L’impiego presso il Genio Civile portava Quasimodo a peregrinare attraverso l’Italia con frequenti trasferimenti finché nel 1938, grazie a Cesare Zavattini, il poeta iniziò a collaborare con il mondo editoriale. Due anni dopo, la pubblicazione della sua traduzione dei Lirici greci ebbe grande risonanza anche in ambiente accademico, tanto che ottenne “per chiara fama” la cattedra di Letteratura italiana presso il Conservatorio di Musica G. Verdi di Milano, continuando l’insegnamento fino alla fine dei suoi giorni.

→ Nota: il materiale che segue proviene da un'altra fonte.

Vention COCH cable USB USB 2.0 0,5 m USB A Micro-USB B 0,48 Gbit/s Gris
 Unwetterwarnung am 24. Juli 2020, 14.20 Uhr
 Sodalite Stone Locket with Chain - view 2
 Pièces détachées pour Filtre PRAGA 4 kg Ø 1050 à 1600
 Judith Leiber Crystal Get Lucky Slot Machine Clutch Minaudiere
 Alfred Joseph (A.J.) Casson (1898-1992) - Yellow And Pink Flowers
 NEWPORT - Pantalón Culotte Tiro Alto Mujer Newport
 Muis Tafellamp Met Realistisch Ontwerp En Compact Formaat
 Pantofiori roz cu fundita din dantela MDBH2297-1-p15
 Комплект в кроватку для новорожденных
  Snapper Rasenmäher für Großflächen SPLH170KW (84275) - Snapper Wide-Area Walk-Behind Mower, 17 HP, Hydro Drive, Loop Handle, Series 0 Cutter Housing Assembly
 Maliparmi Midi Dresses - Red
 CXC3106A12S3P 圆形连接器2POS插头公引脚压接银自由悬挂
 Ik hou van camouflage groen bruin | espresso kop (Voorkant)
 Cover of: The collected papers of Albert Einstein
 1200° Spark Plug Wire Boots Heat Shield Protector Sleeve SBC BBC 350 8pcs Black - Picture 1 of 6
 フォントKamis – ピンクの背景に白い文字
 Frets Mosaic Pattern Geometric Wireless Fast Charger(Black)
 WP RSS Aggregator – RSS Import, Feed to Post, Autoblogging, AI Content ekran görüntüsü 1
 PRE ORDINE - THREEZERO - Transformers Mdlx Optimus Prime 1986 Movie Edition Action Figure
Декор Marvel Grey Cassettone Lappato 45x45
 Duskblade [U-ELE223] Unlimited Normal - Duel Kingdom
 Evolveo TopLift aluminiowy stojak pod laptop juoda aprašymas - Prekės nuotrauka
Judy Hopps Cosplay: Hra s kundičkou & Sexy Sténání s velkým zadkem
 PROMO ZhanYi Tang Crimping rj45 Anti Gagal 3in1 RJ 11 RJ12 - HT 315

Il poeta tornò a Modica solo nel 1962, quando vi si recò su invito dell’Amministrazione comunale in seguito al conferimento del Premio Nobel, e in quell’occasione visitò la sua casa natale, all’epoca proprietà di un privato. Annamaria Angioletti, l’ultima compagna di Quasimodo che era al suo fianco nel viaggio in Sicilia, ha lasciato una descrizione della casa e dell’impressione che questa le suscitò “Il palazzetto barocco, posto in cima a scalinate di pietra levigate dai passi, con le stanze luminose del sole meridionale, i pavimenti di piastrelle e le tende di pizzo … I terrazzi erano pieni di cespugli di gelsomino e di siepi di cactus, il cielo era blu, la lapide sulla facciata della casa riportava la notizia della nascita di Salvatore: tutto mi convinse che quella dimora era magari apocrifa, non ce n’era tuttavia un’altra così accettabile, dal punto di vista dell’atmosfera spirituale ed estetica per le origini del poeta.”